DIRECTIONS: Look below for the line containing "Başkan Büyükakın yeni"; from there, print each line exactly up to and including the line containing "Jar of 'Perlas'", and stop.

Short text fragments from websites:

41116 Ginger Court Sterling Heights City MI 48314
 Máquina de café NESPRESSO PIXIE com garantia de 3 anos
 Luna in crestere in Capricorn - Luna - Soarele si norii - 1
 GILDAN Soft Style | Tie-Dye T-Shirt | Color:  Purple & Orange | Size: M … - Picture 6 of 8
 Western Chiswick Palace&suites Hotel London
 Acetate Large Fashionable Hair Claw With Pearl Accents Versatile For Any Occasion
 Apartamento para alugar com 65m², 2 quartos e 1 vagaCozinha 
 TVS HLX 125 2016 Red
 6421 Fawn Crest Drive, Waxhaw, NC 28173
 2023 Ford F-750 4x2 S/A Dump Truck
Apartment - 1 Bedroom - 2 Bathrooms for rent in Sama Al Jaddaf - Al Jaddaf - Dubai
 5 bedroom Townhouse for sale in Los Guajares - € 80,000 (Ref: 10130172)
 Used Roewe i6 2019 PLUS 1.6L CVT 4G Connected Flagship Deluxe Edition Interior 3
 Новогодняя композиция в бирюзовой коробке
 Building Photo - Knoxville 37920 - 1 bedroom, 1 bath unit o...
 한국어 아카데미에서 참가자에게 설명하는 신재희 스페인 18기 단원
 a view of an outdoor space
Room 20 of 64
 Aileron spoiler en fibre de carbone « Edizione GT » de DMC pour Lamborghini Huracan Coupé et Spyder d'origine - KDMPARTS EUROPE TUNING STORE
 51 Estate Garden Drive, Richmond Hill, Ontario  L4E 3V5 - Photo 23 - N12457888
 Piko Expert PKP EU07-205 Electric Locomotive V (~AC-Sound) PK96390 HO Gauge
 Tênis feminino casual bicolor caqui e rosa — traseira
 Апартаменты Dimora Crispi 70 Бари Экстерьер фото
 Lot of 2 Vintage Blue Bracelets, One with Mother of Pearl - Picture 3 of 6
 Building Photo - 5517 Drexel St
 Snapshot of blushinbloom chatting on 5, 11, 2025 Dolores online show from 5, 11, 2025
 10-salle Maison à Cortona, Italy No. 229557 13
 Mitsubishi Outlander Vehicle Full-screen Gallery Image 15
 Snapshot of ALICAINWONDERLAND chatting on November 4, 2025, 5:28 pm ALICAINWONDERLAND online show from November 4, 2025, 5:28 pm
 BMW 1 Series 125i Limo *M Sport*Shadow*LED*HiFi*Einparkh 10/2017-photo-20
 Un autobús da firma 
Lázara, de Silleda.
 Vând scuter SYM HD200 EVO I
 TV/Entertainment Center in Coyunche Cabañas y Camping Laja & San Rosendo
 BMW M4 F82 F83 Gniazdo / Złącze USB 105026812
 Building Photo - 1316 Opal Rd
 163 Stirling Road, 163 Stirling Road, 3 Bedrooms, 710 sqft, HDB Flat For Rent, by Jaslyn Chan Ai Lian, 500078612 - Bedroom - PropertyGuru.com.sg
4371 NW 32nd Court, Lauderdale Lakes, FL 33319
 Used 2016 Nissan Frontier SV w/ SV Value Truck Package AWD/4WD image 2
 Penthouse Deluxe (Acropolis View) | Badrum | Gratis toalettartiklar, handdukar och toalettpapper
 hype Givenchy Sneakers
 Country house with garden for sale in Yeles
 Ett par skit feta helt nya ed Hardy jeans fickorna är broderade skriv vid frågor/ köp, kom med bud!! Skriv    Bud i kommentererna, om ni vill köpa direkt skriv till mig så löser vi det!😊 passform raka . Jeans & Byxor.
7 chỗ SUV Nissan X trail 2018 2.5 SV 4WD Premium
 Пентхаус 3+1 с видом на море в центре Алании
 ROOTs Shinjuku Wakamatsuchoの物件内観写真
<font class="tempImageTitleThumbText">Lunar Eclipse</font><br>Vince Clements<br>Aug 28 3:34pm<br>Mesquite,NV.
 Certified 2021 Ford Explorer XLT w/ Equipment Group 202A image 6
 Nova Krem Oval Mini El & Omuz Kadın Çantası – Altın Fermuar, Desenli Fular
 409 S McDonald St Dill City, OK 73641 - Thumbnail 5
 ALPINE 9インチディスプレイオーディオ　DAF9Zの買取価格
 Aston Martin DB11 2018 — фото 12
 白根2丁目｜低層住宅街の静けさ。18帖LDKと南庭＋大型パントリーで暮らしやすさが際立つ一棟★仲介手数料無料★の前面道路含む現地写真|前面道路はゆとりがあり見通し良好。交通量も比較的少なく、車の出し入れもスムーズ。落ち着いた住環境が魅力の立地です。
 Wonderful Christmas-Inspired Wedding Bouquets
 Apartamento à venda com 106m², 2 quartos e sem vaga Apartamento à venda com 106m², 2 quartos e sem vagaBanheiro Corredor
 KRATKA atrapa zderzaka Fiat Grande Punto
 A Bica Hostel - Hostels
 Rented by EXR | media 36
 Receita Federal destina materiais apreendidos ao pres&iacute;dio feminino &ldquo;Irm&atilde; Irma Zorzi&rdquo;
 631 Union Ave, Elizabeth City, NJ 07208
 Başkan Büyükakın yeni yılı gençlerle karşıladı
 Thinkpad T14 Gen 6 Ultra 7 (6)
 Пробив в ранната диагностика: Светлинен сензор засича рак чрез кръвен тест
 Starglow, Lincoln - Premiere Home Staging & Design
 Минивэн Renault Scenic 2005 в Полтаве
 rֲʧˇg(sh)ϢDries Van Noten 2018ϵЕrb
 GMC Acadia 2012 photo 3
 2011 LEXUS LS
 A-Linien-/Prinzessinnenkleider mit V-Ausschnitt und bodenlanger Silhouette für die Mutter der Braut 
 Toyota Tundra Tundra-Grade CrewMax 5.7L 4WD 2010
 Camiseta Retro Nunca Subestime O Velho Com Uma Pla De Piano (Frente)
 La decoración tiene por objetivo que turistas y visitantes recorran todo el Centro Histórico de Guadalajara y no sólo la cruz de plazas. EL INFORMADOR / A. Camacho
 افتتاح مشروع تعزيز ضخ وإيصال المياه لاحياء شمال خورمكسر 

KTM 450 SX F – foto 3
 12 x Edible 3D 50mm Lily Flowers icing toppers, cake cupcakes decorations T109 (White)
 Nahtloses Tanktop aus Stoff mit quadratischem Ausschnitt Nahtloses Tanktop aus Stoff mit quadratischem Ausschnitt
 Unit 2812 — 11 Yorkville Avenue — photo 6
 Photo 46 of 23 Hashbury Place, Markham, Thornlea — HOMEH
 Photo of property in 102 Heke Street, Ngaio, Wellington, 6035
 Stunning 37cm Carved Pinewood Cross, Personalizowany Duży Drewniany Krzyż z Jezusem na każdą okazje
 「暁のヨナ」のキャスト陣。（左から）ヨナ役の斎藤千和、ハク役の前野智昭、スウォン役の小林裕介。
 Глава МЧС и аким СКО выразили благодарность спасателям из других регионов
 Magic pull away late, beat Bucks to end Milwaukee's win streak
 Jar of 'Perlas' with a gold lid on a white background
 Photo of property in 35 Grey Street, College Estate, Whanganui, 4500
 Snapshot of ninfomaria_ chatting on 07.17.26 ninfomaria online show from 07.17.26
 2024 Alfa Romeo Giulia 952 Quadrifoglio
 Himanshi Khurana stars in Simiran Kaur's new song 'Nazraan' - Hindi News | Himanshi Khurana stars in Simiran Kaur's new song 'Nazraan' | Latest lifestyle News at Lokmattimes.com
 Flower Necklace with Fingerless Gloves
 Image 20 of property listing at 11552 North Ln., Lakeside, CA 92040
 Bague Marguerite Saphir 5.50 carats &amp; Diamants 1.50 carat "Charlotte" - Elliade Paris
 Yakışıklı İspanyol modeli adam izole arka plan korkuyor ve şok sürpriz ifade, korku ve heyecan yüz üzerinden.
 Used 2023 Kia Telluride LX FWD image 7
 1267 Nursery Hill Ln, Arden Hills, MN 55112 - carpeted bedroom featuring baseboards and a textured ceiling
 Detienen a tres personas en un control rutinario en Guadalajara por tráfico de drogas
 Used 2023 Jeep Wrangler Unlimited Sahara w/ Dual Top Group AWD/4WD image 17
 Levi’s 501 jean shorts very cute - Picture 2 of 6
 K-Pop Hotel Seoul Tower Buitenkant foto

FINISHED TASK:
 Başkan Büyükakın yeni yılı gençlerle karşıladı
 Thinkpad T14 Gen 6 Ultra 7 (6)
 Пробив в ранната диагностика: Светлинен сензор засича рак чрез кръвен тест
 Starglow, Lincoln - Premiere Home Staging & Design
 Минивэн Renault Scenic 2005 в Полтаве
 rֲʧˇg(sh)ϢDries Van Noten 2018ϵЕrb
 GMC Acadia 2012 photo 3
 2011 LEXUS LS
 A-Linien-/Prinzessinnenkleider mit V-Ausschnitt und bodenlanger Silhouette für die Mutter der Braut 
 Toyota Tundra Tundra-Grade CrewMax 5.7L 4WD 2010
 Camiseta Retro Nunca Subestime O Velho Com Uma Pla De Piano (Frente)
 La decoración tiene por objetivo que turistas y visitantes recorran todo el Centro Histórico de Guadalajara y no sólo la cruz de plazas. EL INFORMADOR / A. Camacho
 افتتاح مشروع تعزيز ضخ وإيصال المياه لاحياء شمال خورمكسر 

KTM 450 SX F – foto 3
 12 x Edible 3D 50mm Lily Flowers icing toppers, cake cupcakes decorations T109 (White)
 Nahtloses Tanktop aus Stoff mit quadratischem Ausschnitt Nahtloses Tanktop aus Stoff mit quadratischem Ausschnitt
 Unit 2812 — 11 Yorkville Avenue — photo 6
 Photo 46 of 23 Hashbury Place, Markham, Thornlea — HOMEH
 Photo of property in 102 Heke Street, Ngaio, Wellington, 6035
 Stunning 37cm Carved Pinewood Cross, Personalizowany Duży Drewniany Krzyż z Jezusem na każdą okazje
 「暁のヨナ」のキャスト陣。（左から）ヨナ役の斎藤千和、ハク役の前野智昭、スウォン役の小林裕介。
 Глава МЧС и аким СКО выразили благодарность спасателям из других регионов
 Magic pull away late, beat Bucks to end Milwaukee's win streak
 Jar of 'Perlas' with a gold lid on a white background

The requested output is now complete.